I’ve always found bad films more fun to be on than good films and god knows Yellowbeard is not something you should try watching by yourself, but The Making of Yellowbeard documentary is rather interesting, as the movie looks like it is going to be very funny.
“Everyone is laughing a lot,” says one of the writers on camera.
“That’s the kiss of death” says Spike Milligan presciently.
And indeed it did die a swift death, but it is worth watching the backstage stuff if only for the great Cook, who was on superb form until he finally succumbed to the Camino Royal mini bar and returned to his first love, alcohol.
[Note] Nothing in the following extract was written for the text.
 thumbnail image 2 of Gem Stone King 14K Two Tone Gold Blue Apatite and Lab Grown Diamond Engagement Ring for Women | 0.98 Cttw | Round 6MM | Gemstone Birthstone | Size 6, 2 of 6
Graham, however, was strong and fit and in full alcohol recovery mode, and he remained on splendid form, except for one mad night at a party when he crazily tried to leap in to the back of an open vehicle which David Bowie was driving away at great speed, injuring his leg quite badly, and almost shutting down production. Not a good move on your own movie. Fortunately he was a Doctor. David, who had had a few, showed up next day totally mortified.
Peter, though, was on superb form, bobbing up and down in the hotel pool asking strangely pertinent philosophical cosmic questions :
“We all know the speed of light, but what is the speed of darkness? “
“We know where the light comes from but where does the darkness come from?”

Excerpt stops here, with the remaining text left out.